In the watch sales world, I often hear the phrase “Oh no, I can’t wear this to the beach, it’s too expensive.” Feel free to change the location, or the adjectives, but it’s certainly a common thread heard often in the watch world. Look, I understand where you’re coming from, you’re spending a very significant amount of money on a luxury item, and you want to make sure you take proper care of it. That being said, most watches these days (especially sports models) can handle some serious abuse. I’ve completed a micro case study that illustrates this statement.
Royal Oak Offshore vs. Deep Sea Fishing
I recently traveled to Alaska for some pretty hardcore deep-sea fishing (12+ hour days on the water for roughly a week). Now I’m not trying to say that it wasn’t relaxing and ridiculously enjoyable, I’m just saying it was a little more intense than a pleasure cruise with cocktails and Hall & Oates playing over the loudspeaker.
I tend to lean more towards sport watches when I’m purchasing something for myself, mainly because I want to make sure I don’t have to worry about whether or not I should wear my watch to a certain event. For this expedition I wore an Audemars Piguet Royal Oak Offshore Diver (ref: 15703ST.OO.A002CA.01). This watch certainly is not inexpensive, it’s no grand comp, but it’s not exactly entry-level either.
It took a glorious beating. Fish guts, salt-water spray, and probably more than a few bumps and bruises all adorned its crystal, case, and strap and one point or another. I made sure that once we returned to our room back on dry land that the watch received a nice, room-temperature water rinse, and dried it off with a soft t-shirt. I also made sure to triple check that the crowns were screwed down nice and tight before we left the dock.
Showing Wear On The Case
I’m sure it picked up a couple new scratches (especially on the notorious scratch magnet that is a Royal Oak bezel). But scratches, nicks, and scrapes don’t tend to bother me too much. Yes, they’re visible blemishes that mar the meticulously hand-finished components of a lovely hand-crafted timepiece. However, when I do send in my watch for its inevitable service (in hopefully 5+ years from now), it will receive an expert refinish in the hands of Audemars Piguet’s obscenely skilled craftsmen. Maybe the bezel will have to be replaced, and that is not a game changer for me.

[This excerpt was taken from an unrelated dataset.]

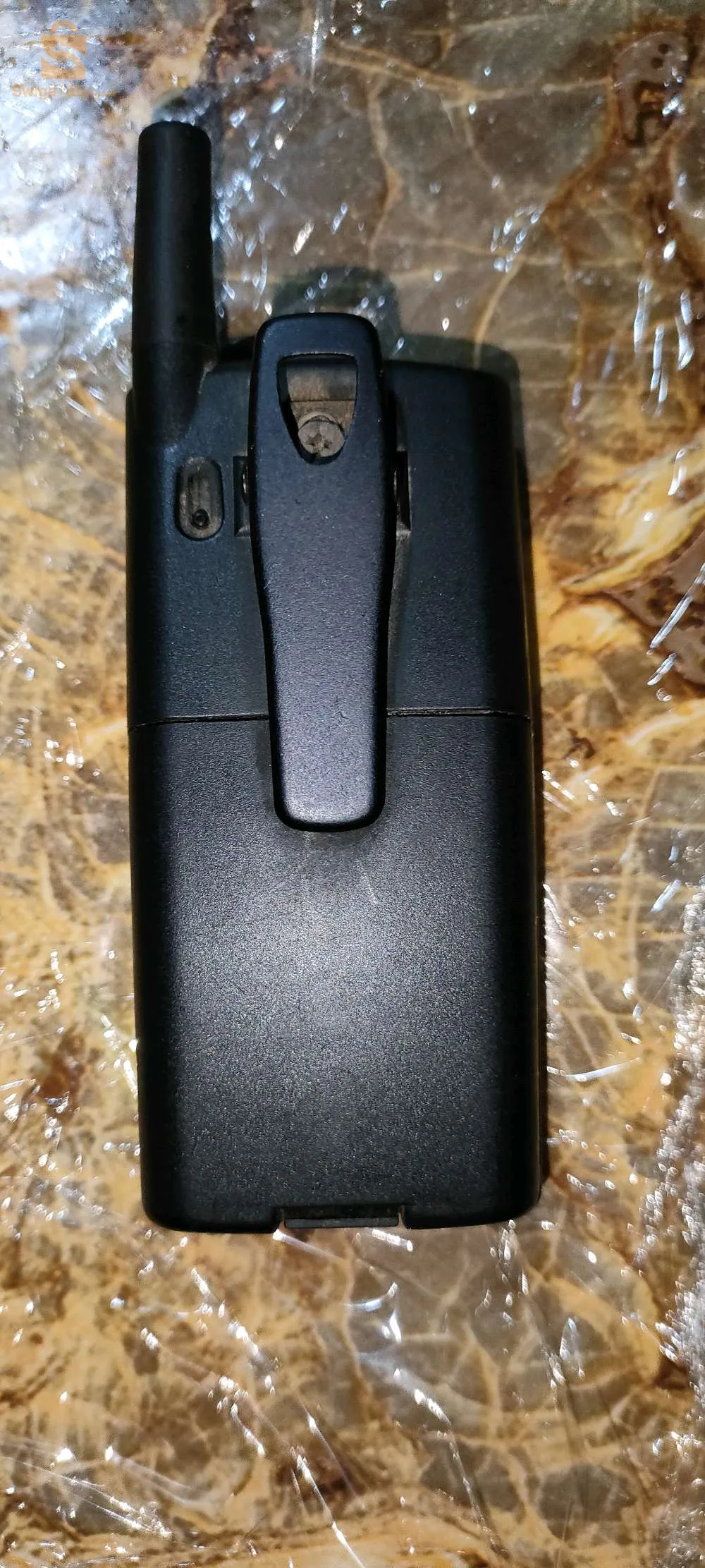 Un très vieux téléphone cassé qui ne fonctionne plus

Certainly replacing parts is a different story for a vintage Rolex, where changing as little as possible is the name of the game, and NOS is the top of the mountain. The wear and tear that my watch took reminds me of my trip every time I notice a new scratch. Maybe I’m in the minority here, but I’m in the camp that believes that watches designed to perform under pressure, should be worn and enjoyed in exactly (or close approximations of) those circumstances.

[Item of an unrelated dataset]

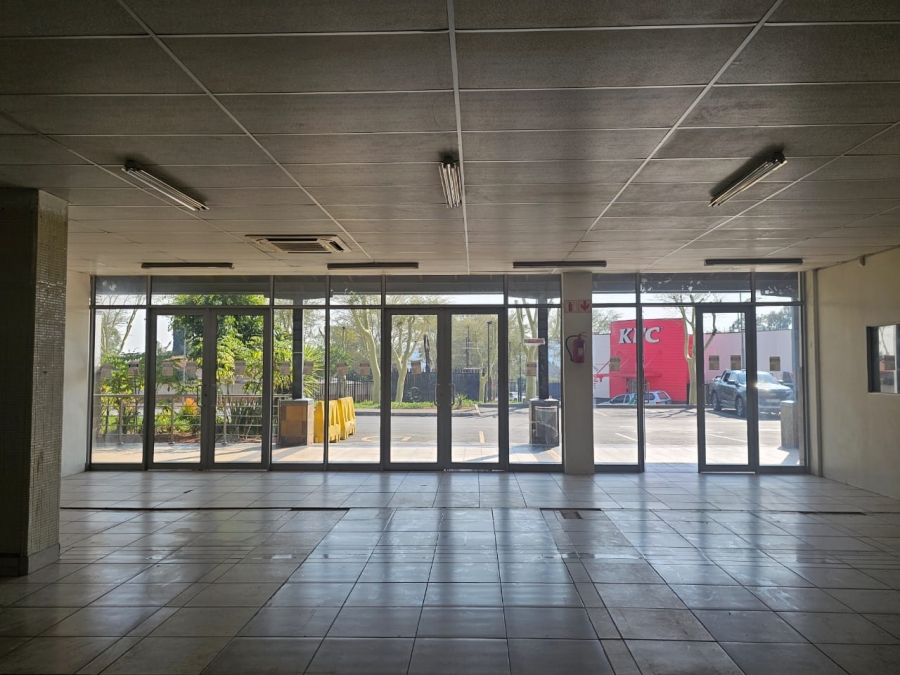 To Let Commercial Property for Rent in Lynnwood Ridge Gauteng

Back in the lower 48 my watch is still keeping great time. It might look a tad worse for wear, but not dramatically so. At a casual glance only the most meticulous of watch collectors would notice its injuries.
Moral of the story: wear, enjoy, and put your watches through their paces. With minimal preparation and subsequent care most timepieces can handle a lot more than you would think. Yes you will damage them (albeit most times superficially and minimally). But they can always be brought back to life, even with pretty significant damage. And visit Alaska, that place is mind-numbingly gorgeous and enjoyable.